◆ **Task brief**: Omit all pictures, then retype the data exactly as given.

══ Input data

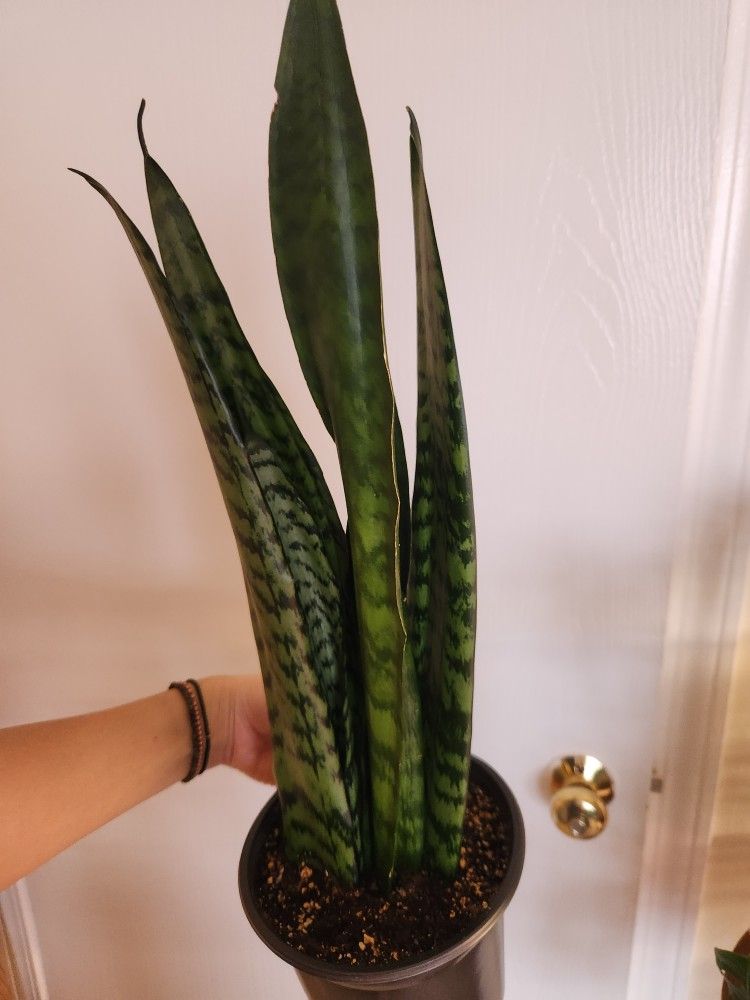 Snake Plant Houseplant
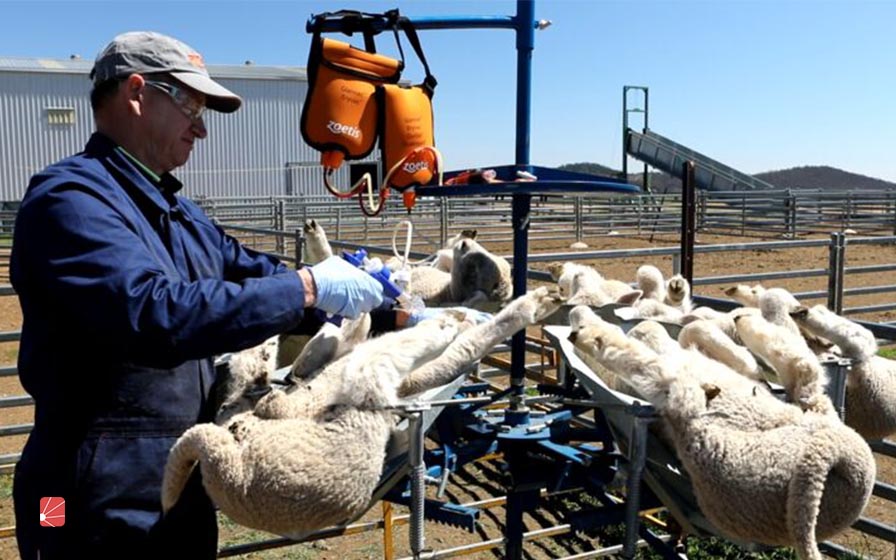 نکات مهم در رابطه با واکسیناسیون گوسفندان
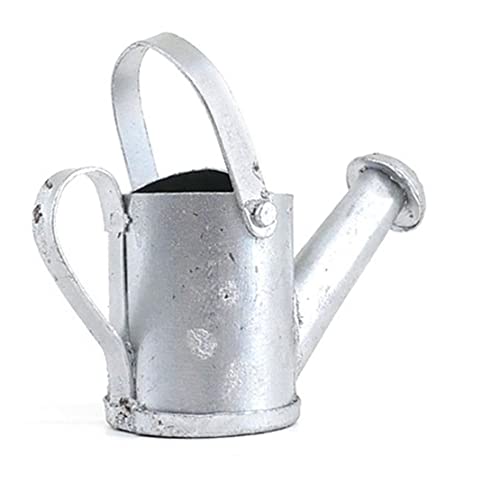 PSFDEWT Bewässerung kann Miniaturpuppenhaus 1:12 Metallgarten -Accessoire Miniature messen PSFDEWT Bewässerung kann Miniaturpuppenhaus 1:12 Metallgarten -Accessoire Miniature messen von PSFDEWT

════

◆ **Answer to the problem**:
 Snake Plant Houseplant
 نکات مهم در رابطه با واکسیناسیون گوسفندان
 PSFDEWT Bewässerung kann Miniaturpuppenhaus 1:12 Metallgarten -Accessoire Miniature messen PSFDEWT Bewässerung kann Miniaturpuppenhaus 1:12 Metallgarten -Accessoire Miniature messen von PSFDEWT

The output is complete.